═════ Records provided ═════

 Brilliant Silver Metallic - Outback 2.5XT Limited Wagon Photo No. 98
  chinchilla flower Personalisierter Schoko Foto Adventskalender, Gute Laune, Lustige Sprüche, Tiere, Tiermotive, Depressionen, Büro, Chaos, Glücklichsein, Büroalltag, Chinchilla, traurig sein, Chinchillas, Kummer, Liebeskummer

═════
═════ Records provided ═════

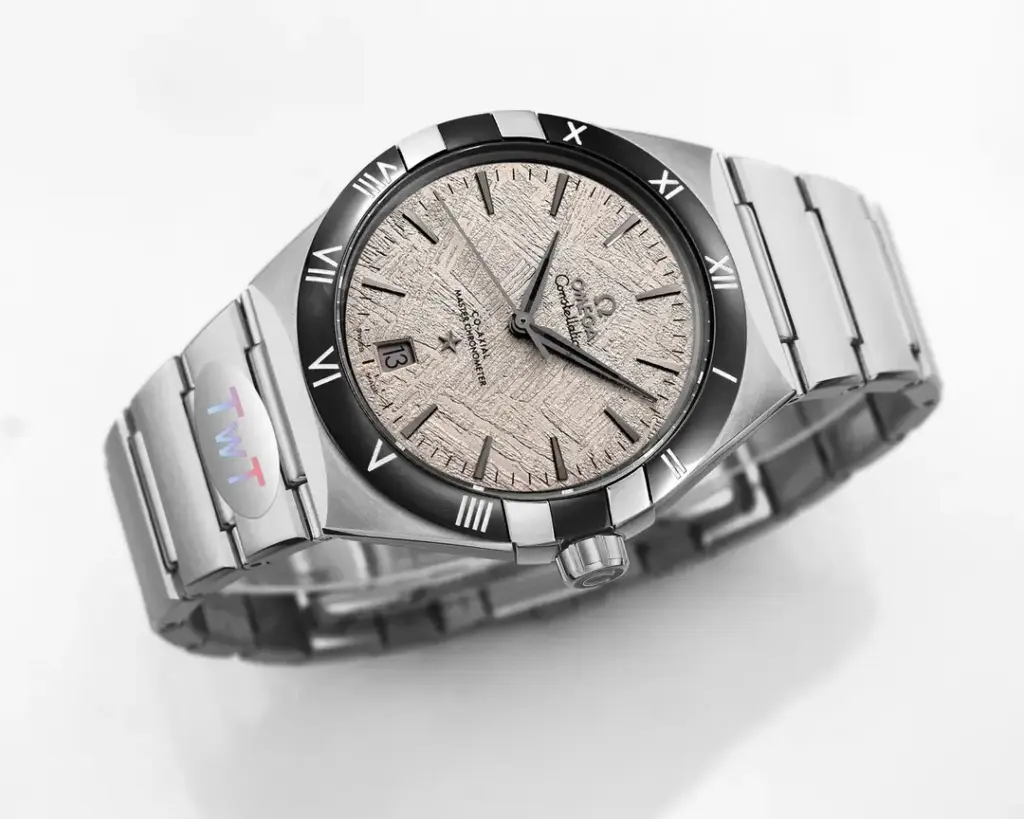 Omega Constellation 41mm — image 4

═════

◆ **What is required**:
Beginning at the line above that contains "Brilliant Silver Metallic", return each line exactly through the line that contains "chinchilla flower Personalisierter", and no others.

◆ **Output of the exercise**:
 Brilliant Silver Metallic - Outback 2.5XT Limited Wagon Photo No. 98
  chinchilla flower Personalisierter Schoko Foto Adventskalender, Gute Laune, Lustige Sprüche, Tiere, Tiermotive, Depressionen, Büro, Chaos, Glücklichsein, Büroalltag, Chinchilla, traurig sein, Chinchillas, Kummer, Liebeskummer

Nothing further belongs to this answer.